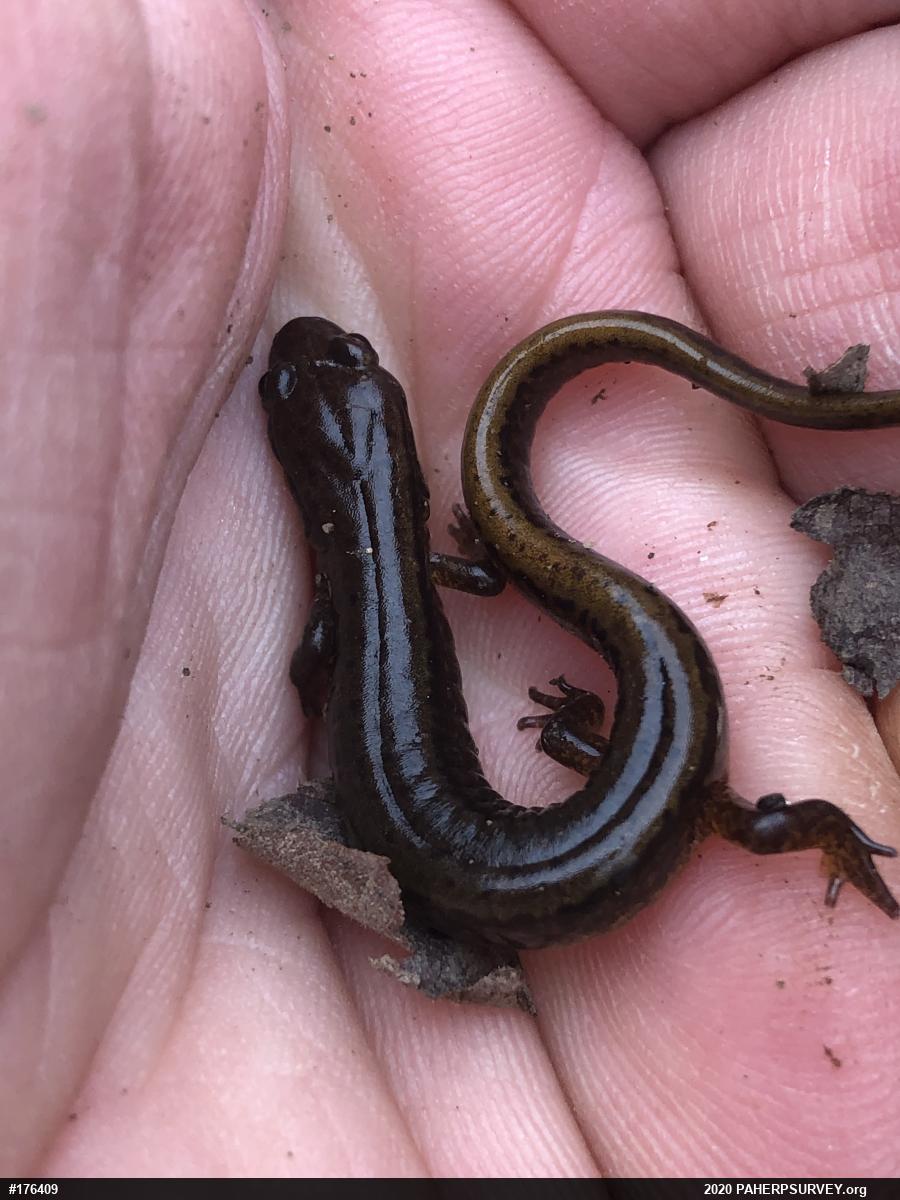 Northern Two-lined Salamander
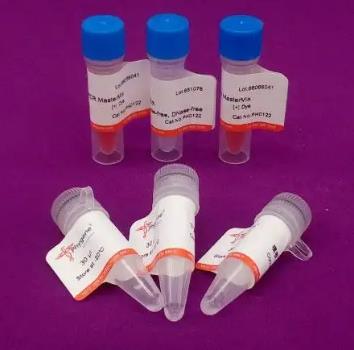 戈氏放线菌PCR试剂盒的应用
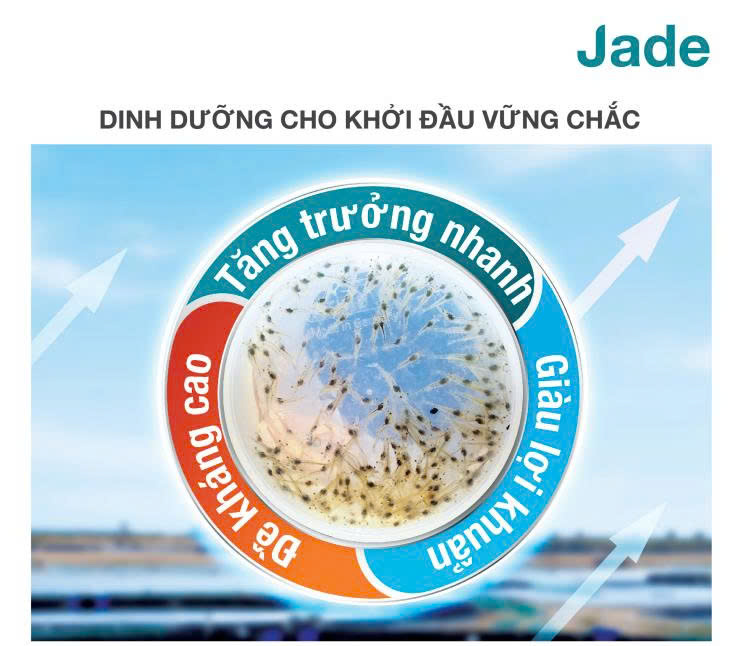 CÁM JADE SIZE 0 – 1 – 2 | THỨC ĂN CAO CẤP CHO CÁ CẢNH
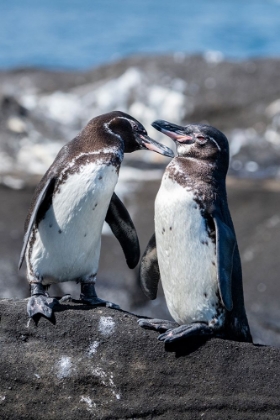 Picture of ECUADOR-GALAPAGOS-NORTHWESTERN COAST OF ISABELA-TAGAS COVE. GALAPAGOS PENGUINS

- **Task description**: Repeat the material verbatim but without any of its pictures.

- **Solution to the problem**:
 Northern Two-lined Salamander
 戈氏放线菌PCR试剂盒的应用
 CÁM JADE SIZE 0 – 1 – 2 | THỨC ĂN CAO CẤP CHO CÁ CẢNH
 Picture of ECUADOR-GALAPAGOS-NORTHWESTERN COAST OF ISABELA-TAGAS COVE. GALAPAGOS PENGUINS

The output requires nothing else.